Say nothing but the number of lines below in which the string "from" appears.

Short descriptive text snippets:
++++++++

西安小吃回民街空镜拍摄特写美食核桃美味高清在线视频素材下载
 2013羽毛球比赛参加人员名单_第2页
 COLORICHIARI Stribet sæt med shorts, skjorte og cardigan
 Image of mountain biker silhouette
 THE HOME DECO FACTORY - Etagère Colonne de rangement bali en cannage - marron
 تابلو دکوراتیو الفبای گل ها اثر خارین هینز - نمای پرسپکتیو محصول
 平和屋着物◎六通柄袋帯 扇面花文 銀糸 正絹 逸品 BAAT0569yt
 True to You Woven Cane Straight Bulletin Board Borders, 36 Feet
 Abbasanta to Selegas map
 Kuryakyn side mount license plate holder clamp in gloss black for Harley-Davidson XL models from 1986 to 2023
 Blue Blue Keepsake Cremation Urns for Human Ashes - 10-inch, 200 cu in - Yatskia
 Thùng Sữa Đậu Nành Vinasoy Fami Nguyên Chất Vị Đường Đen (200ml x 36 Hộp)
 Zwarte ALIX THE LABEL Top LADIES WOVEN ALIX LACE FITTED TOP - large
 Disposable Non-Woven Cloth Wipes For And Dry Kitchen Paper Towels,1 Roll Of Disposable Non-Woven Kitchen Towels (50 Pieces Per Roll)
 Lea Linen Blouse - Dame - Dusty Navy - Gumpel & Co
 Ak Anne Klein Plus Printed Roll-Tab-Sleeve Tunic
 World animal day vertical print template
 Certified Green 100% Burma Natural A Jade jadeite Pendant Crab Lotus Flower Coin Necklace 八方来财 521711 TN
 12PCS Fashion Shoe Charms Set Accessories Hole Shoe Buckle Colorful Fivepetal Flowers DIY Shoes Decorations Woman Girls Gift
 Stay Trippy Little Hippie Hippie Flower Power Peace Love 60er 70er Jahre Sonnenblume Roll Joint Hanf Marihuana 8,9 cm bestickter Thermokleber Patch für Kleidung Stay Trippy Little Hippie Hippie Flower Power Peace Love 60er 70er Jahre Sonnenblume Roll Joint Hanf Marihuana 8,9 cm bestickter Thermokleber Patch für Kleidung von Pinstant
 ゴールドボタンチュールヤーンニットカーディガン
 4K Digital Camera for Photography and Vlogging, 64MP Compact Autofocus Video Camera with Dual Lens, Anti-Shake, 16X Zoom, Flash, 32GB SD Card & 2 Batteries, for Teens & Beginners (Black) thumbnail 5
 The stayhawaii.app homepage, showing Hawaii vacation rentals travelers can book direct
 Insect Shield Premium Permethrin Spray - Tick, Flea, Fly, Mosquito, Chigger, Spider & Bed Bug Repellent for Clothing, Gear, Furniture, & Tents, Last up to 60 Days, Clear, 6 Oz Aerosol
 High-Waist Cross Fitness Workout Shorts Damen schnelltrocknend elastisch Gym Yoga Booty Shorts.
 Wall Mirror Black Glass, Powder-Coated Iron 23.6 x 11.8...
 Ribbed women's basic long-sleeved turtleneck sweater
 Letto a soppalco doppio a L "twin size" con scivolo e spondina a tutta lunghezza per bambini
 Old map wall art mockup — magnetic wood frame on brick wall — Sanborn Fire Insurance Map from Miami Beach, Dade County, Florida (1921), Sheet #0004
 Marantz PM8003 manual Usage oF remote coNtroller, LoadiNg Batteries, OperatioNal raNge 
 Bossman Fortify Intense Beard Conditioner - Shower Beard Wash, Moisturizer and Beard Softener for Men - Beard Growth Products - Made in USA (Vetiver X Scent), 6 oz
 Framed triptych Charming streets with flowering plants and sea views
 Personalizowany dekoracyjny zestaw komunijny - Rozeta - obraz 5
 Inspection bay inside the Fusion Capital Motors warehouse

++++++++

Reply to the exercise
2